* [TASK MATERIAL]:
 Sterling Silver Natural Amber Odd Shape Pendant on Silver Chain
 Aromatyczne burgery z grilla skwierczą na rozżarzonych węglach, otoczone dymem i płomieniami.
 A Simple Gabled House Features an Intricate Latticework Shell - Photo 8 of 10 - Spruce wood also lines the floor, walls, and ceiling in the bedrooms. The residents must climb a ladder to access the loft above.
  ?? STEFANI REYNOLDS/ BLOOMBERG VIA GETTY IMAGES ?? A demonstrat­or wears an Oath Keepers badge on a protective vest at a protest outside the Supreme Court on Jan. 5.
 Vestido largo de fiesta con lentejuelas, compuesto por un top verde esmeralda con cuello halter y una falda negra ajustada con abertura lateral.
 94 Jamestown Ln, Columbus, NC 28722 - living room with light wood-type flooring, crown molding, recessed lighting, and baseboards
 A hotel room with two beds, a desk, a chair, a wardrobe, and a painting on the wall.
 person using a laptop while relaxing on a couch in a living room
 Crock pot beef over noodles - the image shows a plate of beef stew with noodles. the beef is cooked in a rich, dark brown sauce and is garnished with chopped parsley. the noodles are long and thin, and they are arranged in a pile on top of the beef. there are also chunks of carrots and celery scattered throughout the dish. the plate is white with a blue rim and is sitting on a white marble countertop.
==
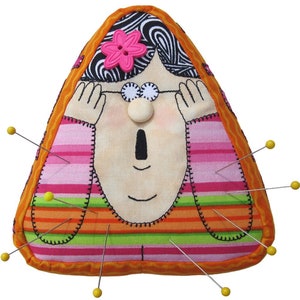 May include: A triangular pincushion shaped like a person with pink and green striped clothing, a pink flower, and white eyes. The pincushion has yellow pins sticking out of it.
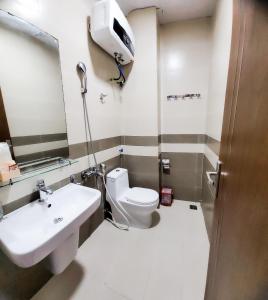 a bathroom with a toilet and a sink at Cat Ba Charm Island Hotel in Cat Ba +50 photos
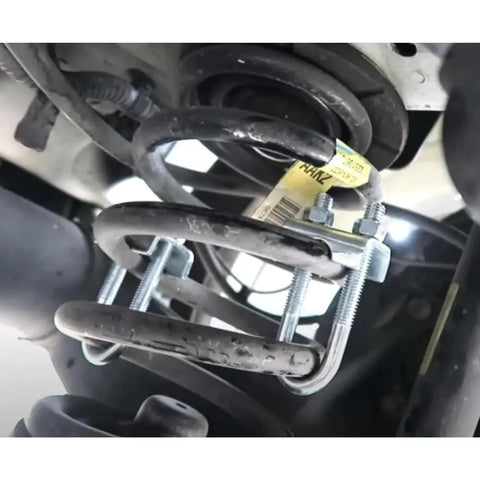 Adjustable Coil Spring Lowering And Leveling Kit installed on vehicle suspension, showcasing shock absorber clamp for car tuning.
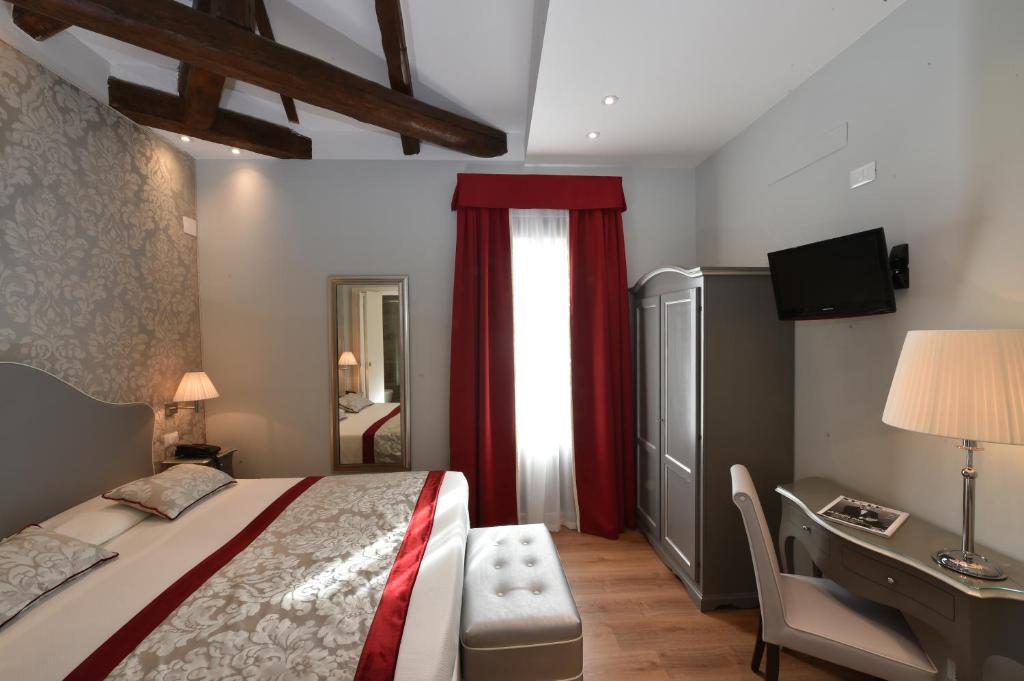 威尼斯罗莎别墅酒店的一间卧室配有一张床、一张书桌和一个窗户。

* [WHAT YOU NEED TO DO]: From the records above, give again exactly the lines running from the line with "A Simple Gabled" to the line with "person using a", inclusive.

* [ANSWER TO THIS PROBLEM]:
 A Simple Gabled House Features an Intricate Latticework Shell - Photo 8 of 10 - Spruce wood also lines the floor, walls, and ceiling in the bedrooms. The residents must climb a ladder to access the loft above.
  ?? STEFANI REYNOLDS/ BLOOMBERG VIA GETTY IMAGES ?? A demonstrat­or wears an Oath Keepers badge on a protective vest at a protest outside the Supreme Court on Jan. 5.
 Vestido largo de fiesta con lentejuelas, compuesto por un top verde esmeralda con cuello halter y una falda negra ajustada con abertura lateral.
 94 Jamestown Ln, Columbus, NC 28722 - living room with light wood-type flooring, crown molding, recessed lighting, and baseboards
 A hotel room with two beds, a desk, a chair, a wardrobe, and a painting on the wall.
 person using a laptop while relaxing on a couch in a living room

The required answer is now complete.